OnEMI IPO subscribed 79% as weak retail demand drags response
Unsecured loan exposure, profit decline raise concerns despite attractive valuation
GMP signals 1–3% listing gain amid macro risks, cautious investor sentiment
OnEMI IPO subscribed 79% as weak retail demand drags response
Unsecured loan exposure, profit decline raise concerns despite attractive valuation
GMP signals 1–3% listing gain amid macro risks, cautious investor sentiment
The initial public offering (IPO) of OnEMI Technology Solutions, which operates the digital lending platform Kissht, witnessed a subdued response from investors, with the issue subscribed just 79% on the final day of bidding on Tuesday.
According to NSE data at 3:00 PM, the ₹926-crore IPO received bids for 2.77 crore shares against the 3.97 crore shares on offer. While the Qualified Institutional Buyers (QIBs) portion saw relatively better traction at 1.52 times subscription, the non-institutional investor (NII) category was subscribed 0.81 times. Retail participation remained particularly weak, with the segment subscribed only 19%, reflecting limited interest from individual investors.
The muted demand comes despite the company raising ₹278 crore from anchor investors ahead of the issue and pricing the IPO at a relatively moderate valuation.

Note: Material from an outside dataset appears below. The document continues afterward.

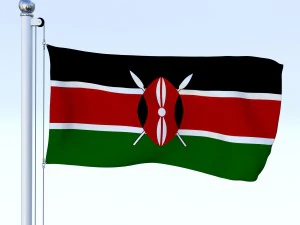 todo o pacote de bandeira africana Modelo 3D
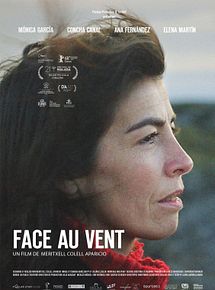 Affiche de Face au vent, film à voir en streaming sur Pygargue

The IPO is priced in the range of ₹162–171 per share, valuing the company at around ₹2,900 crore at the upper end. The issue comprises a fresh issue of ₹850 crore and an offer for sale (OFS) of ₹76 crore by existing investors.
Analysts note that while the valuation appears reasonable compared to peers, investor sentiment has been weighed down by concerns around the company's business model and macroeconomic environment.
Shivani Nyati, Head of Wealth at Swastika Investmart pointed out that the IPO is priced at around 10.8x earnings, significantly lower than peers such as Bajaj Finance, which trades at much higher multiples. However, the discount has not been sufficient to offset investor concerns.
Nyati highlighted that the company's heavy reliance on unsecured lending with nearly 94% of its loan book unsecured and raises credit risk, particularly in a volatile macro environment. Additionally, inconsistent profitability, with net profit declining to ₹160 crore in FY25 from ₹197 crore in FY24, has further dampened investor confidence.
Market experts also attribute the lukewarm response to broader macroeconomic uncertainties.
Vinit Bolinjkar,Head of Research, Venturas noted that the IPO comes at a time when geopolitical tension in West Asia have increased volatility in financial markets. Rising crude oil prices, tighter liquidity conditions and elevated interest rates are putting pressure on credit quality across the lending ecosystem.
For a digital lender like OnEMI, these risks are more pronounced due to its exposure to unsecured retail loans, which are typically more vulnerable to repayment stress during economic slowdowns.
He added that investors are increasingly cautious about potential slippages and rising credit costs, particularly in segments without collateral backing. This risk perception has contributed to the subdued subscription levels.
The grey market premium (GMP) for the IPO has remained modest, indicating limited listing upside.
Current estimates suggest a listing price of around ₹172–175 per share, implying a marginal gain of just 1–3% over the upper end of the issue price. Such muted expectations are consistent with the overall weak subscription trend.
Analysts believe that a tepid subscription typically results in a flat or marginal listing, unless supported by strong last-minute institutional demand or positive market sentiment.
OnEMI operates a technology-driven digital lending platform, offering fast loan disbursals through a hybrid model that combines its own lending with partner-led loans. The company has built a large base of registered users and relies on proprietary data-driven underwriting systems.
While these factors provide scalability, analysts caution that the business remains exposed to regulatory risks, operational challenges and the need for continuous capital infusion to support growth.
The company also faces intense competition in the digital lending space, along with evolving regulatory norms for non-banking financial companies (NBFCs), which could impact future growth.
Proceeds from the fresh issue will primarily be used to fund capital expansion in its subsidiary, Si Creva, along with general corporate purposes. The company aims to strengthen its lending capabilities and expand its customer base.
However, experts believe that the success of the IPO and the company's long-term valuation will depend on its ability to improve asset quality, diversify its loan book and deliver consistent earnings growth.
The subdued response to the OnEMI IPO highlights a cautious approach by investors towards digital lending businesses, particularly those with high exposure to unsecured credit.
While the valuation offers some comfort, concerns around asset quality, profitability and macroeconomic risks have kept demand in check.
Going ahead, analysts suggest that the stock may require a few quarters of stable performance and improved financial metrics before it can attract stronger investor interest and achieve meaningful re-rating.